§ Exercise description
Write out, please, each line from the one containing "Đã bắt giữ được" to the final line of the data, both included, exactly and without pictures.

§ Data in this exercise
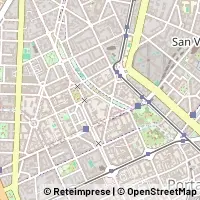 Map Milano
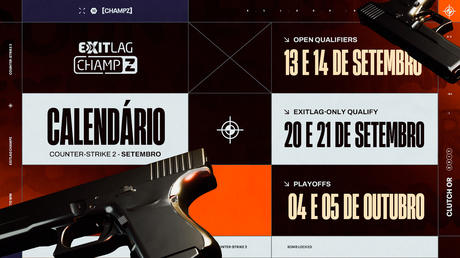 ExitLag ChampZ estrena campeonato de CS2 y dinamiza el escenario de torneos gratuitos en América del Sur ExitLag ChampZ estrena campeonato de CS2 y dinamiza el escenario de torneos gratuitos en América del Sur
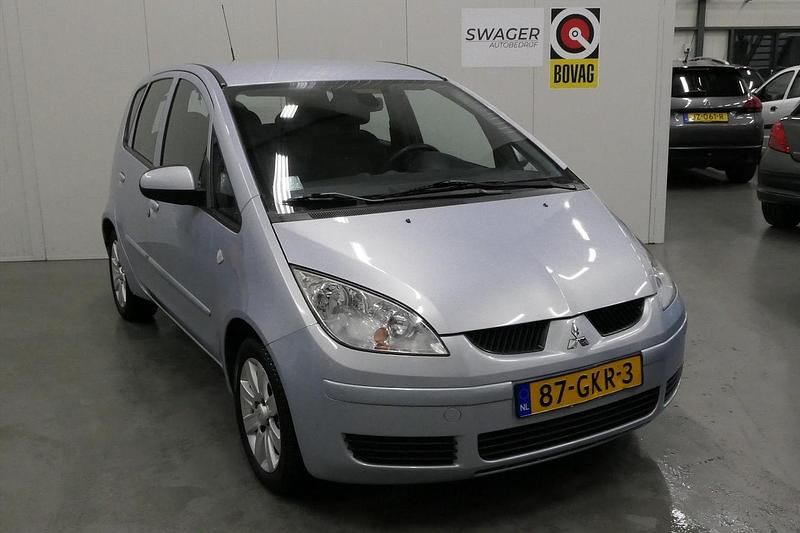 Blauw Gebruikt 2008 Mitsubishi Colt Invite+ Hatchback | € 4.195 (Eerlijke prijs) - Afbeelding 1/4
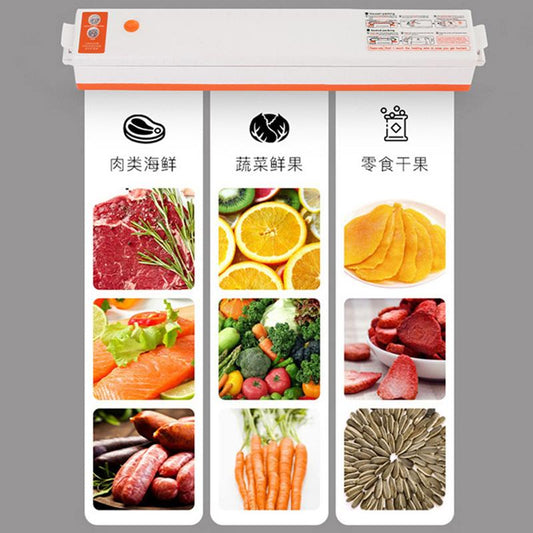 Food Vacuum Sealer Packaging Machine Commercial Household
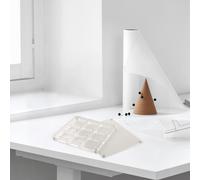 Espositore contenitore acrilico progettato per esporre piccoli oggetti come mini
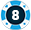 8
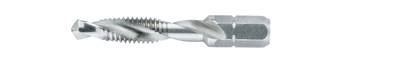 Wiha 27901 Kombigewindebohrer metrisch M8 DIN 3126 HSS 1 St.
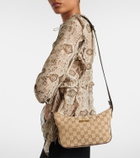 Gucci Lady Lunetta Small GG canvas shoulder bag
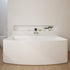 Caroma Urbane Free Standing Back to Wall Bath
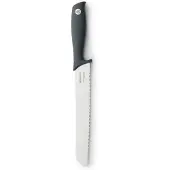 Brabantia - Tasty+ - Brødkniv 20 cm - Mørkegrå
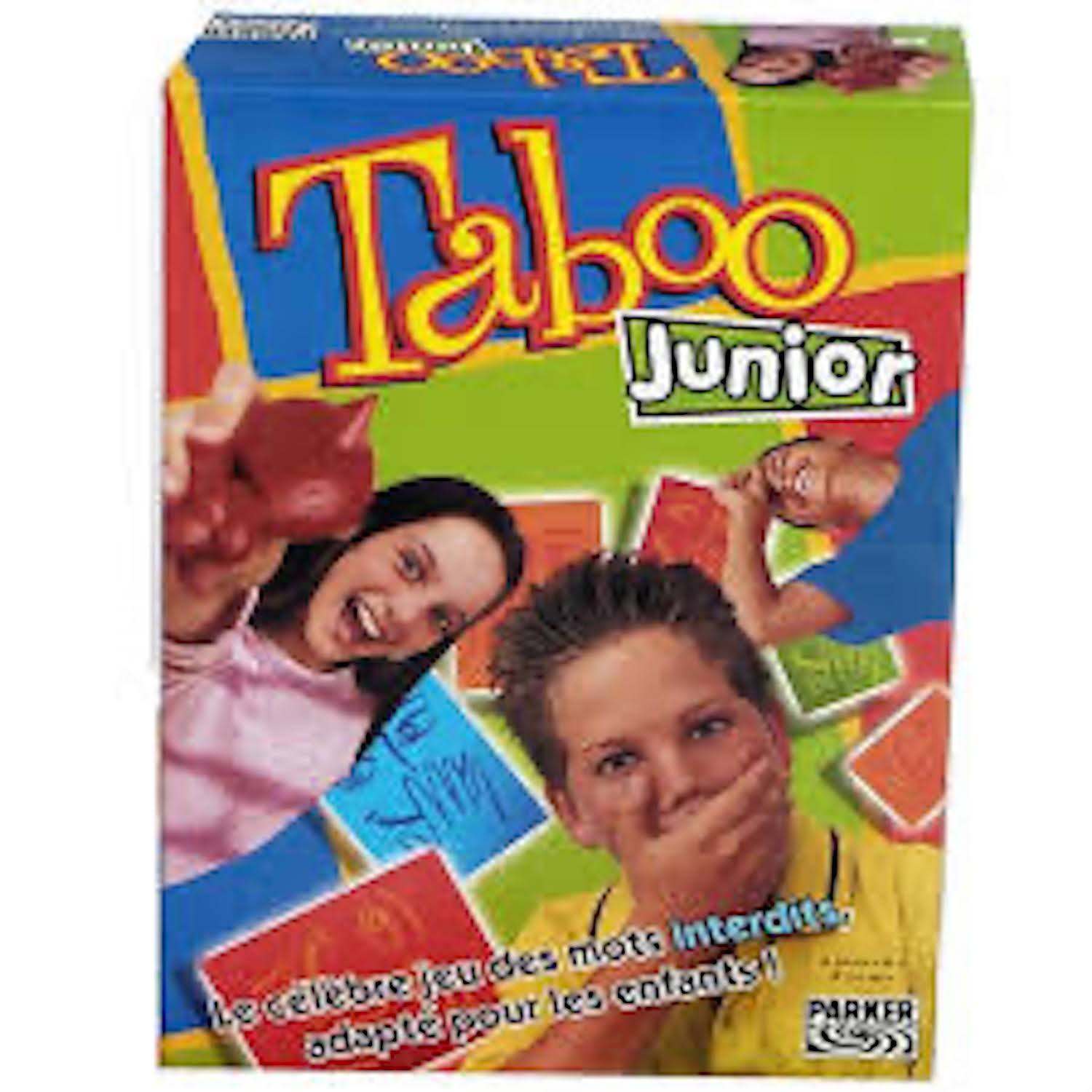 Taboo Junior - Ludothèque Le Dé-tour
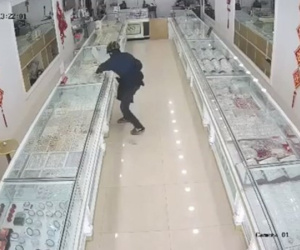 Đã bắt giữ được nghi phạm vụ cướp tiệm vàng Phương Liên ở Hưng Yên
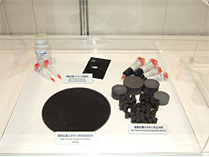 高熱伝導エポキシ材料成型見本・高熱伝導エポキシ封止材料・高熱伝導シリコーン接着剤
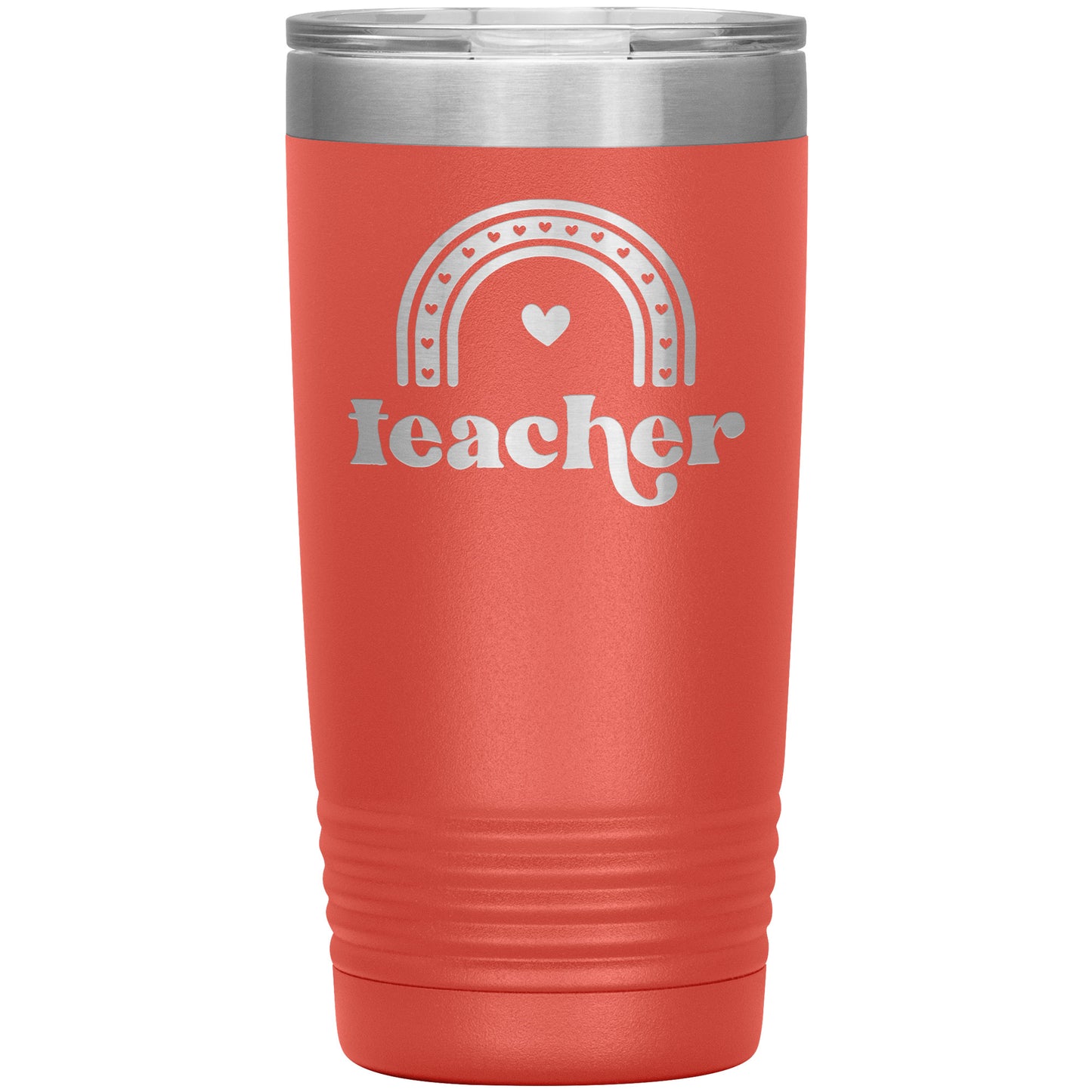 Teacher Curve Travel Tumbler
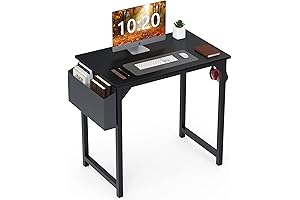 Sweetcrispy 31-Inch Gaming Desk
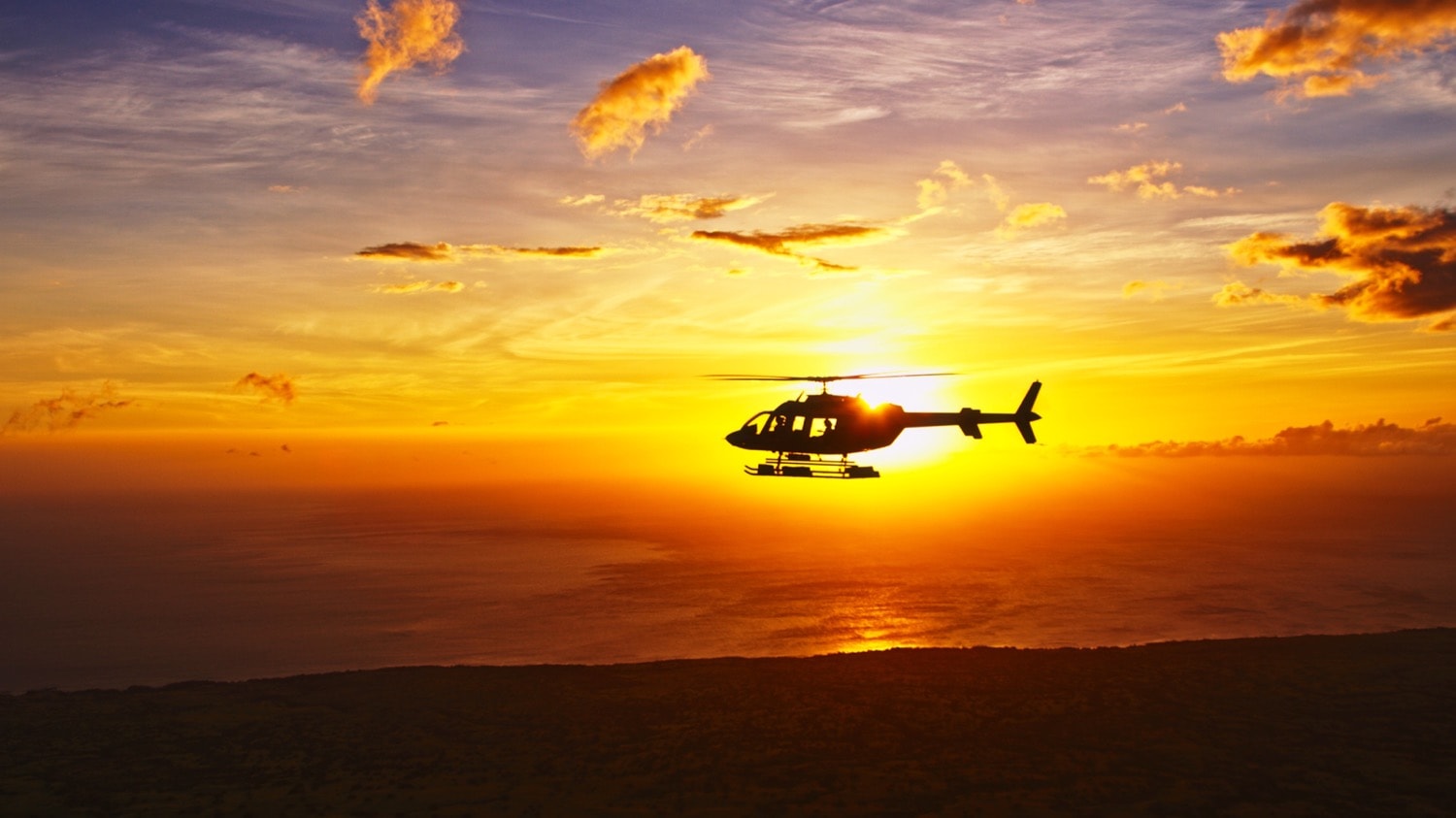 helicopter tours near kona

§ Response to the exercise
 Đã bắt giữ được nghi phạm vụ cướp tiệm vàng Phương Liên ở Hưng Yên
 高熱伝導エポキシ材料成型見本・高熱伝導エポキシ封止材料・高熱伝導シリコーン接着剤
 Teacher Curve Travel Tumbler
 Sweetcrispy 31-Inch Gaming Desk
 helicopter tours near kona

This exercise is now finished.